What you have to do: In the records that follow, the lines from the one containing "très dur R3" to the one containing "關于IB/AP/IGCSE考試，你有必要知道這些", inclusive, are to be given again exactly.

START Material provided

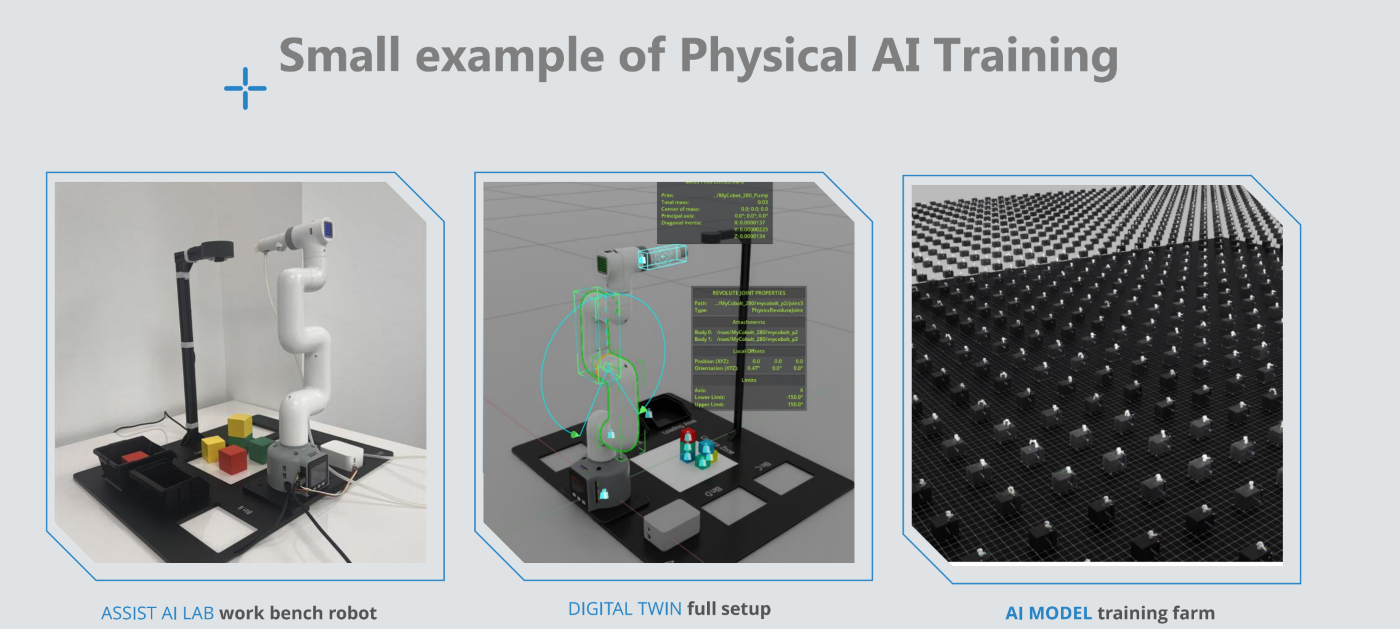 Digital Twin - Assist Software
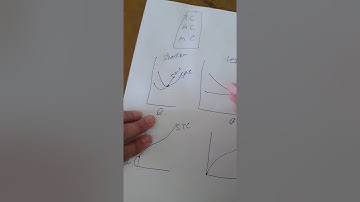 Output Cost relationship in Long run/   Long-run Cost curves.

END Material provided
START Material provided

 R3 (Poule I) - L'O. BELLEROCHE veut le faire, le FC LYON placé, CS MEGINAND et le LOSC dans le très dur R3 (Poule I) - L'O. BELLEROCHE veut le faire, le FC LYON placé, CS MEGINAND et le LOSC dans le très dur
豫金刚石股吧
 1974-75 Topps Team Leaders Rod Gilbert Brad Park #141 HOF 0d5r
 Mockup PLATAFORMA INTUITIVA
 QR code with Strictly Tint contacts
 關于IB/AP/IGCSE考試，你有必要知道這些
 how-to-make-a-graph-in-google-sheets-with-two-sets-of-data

END Material provided

Answer:
 R3 (Poule I) - L'O. BELLEROCHE veut le faire, le FC LYON placé, CS MEGINAND et le LOSC dans le très dur R3 (Poule I) - L'O. BELLEROCHE veut le faire, le FC LYON placé, CS MEGINAND et le LOSC dans le très dur
豫金刚石股吧
 1974-75 Topps Team Leaders Rod Gilbert Brad Park #141 HOF 0d5r
 Mockup PLATAFORMA INTUITIVA
 QR code with Strictly Tint contacts
 關于IB/AP/IGCSE考試，你有必要知道這些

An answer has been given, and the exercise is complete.